Unfortunately my growth spurt came and went, leaving me with the same amount of talent and a disproportional body. As I tried to impress coaches in my junior year of high school, I was dealing with long legs and oddly short arms, not making any impression other than that of a goofy unathletic dummy with unrealistic dreams.

So instead of being well on my way to having my number retired and my jersey put in the hall of fame, I’m living at home after two other colleges and four other majors, no romantic prospects on the horizon and barely a hint of facial hair. Being at home, it seems that the things I hoped would be different have stayed the same, while the things I wanted to stay the same, didn’t.

When I was young, a constant disagreement was the cleanliness of my room. An allowance was something that I used to thoroughly enjoy. However, when I brought up the idea of perhaps restarting that weekly allotment of cash, I was met with the two people who raised me laughing in my face, followed by “in your dreams.”

Laundry is one of the most trying aspects of early adulthood. The number of times I have gone commando for need of clean boxers is socially unacceptable. When I used to return home for a short visit, my laundry was brought home dirty, and then magically it was clean. Little did I know that this was not a condition that would last if I overstayed my welcome, which I have. Now I am stuck trying to figure out what is a white and what is a colored and usually left with wearing outfits that look exceedingly stupid because my not-so-ugly clothes are almost always dirty.

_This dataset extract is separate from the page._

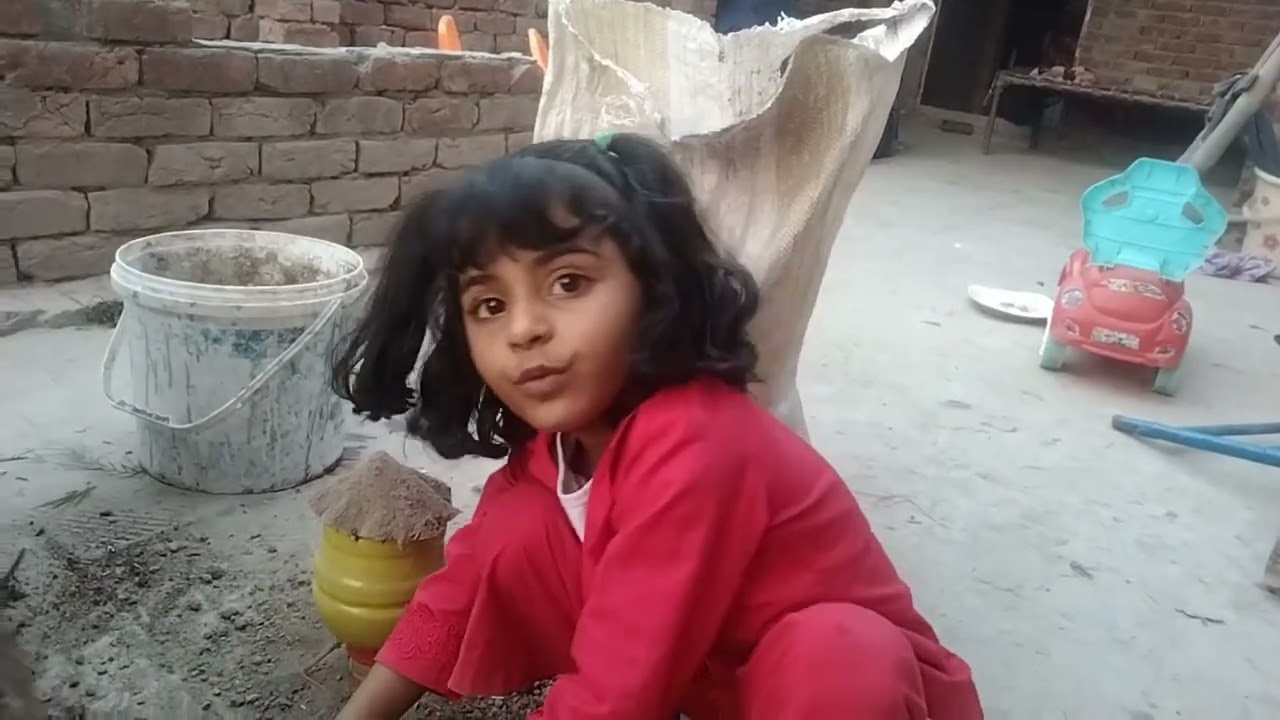 1. 🌱 Rabbit Kids Part 61| Planting Garlic, Mint & Flower Seeds 🌸 (A.A.S Desi Vlog)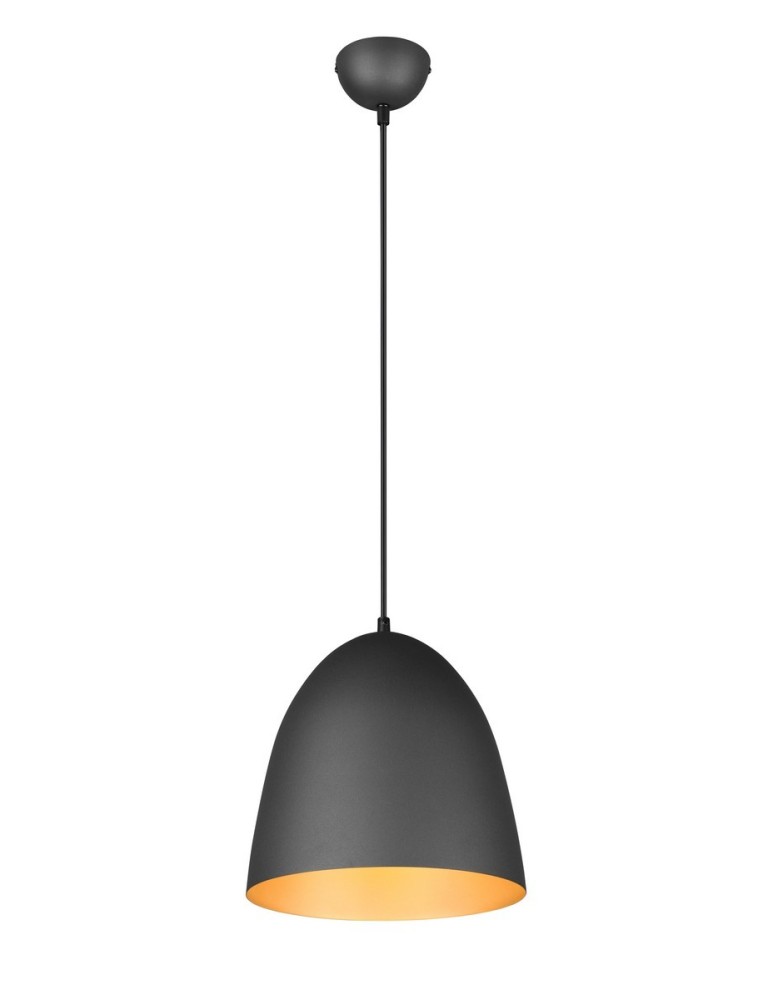Lampy wiszące - TRIO TILDA Wisząca E27 1x40W Ściemnialna czarny/złoty R30661080 - produkt kolory-swiatla.pl 1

Another routine that was put in motion every time I would visit home was a series of questions asked by my mom to find out if I had a love interest without actually coming out and asking. The difference now is that I deal with those types of questions on a much more regular basis, which can be quite bruising to the ego. No, Mom, I still don’t have a girlfriend. I don’t know how I wasn’t able to land one in the seven hours since you last asked me. Well I don’t know why. No, they aren’t busting down the door to go out with me.

Yes, I’m being myself, and that may be the issue. No, Mom, I’m not asking a lot of girls out. You know what? How about YOU go get a girlfriend if you want one so bad.

Not a great comeback, I know. I realized it after the fact.

I had no idea how strange my sleep schedule was until moving back home. Do you know that there are still people that get up at 6 a.m.? Neither did I. And yet there they are, clattering away when I am hoping to still get at least three more hours of sawing wood. Sometimes my dad even takes to singing in the morning. Can you imagine someone feeling like singing at six? Neither could I.

For all my complaining, living back at home actually has its perks. Every day I get to return to my house where people love me, and not to a dorm room where my roommate sheepishly tells me that the puke on the carpet isn’t coming out. I get to eat with people who look me in the eye and have no interest in taking pictures of their food. And, most importantly, I live with people who watched me grow up, so they know why I became the maniac I am.

And for all the money I’m saving, being around those who almost understand me is priceless.

Tim Drugan-Eppich is a junior majoring in English.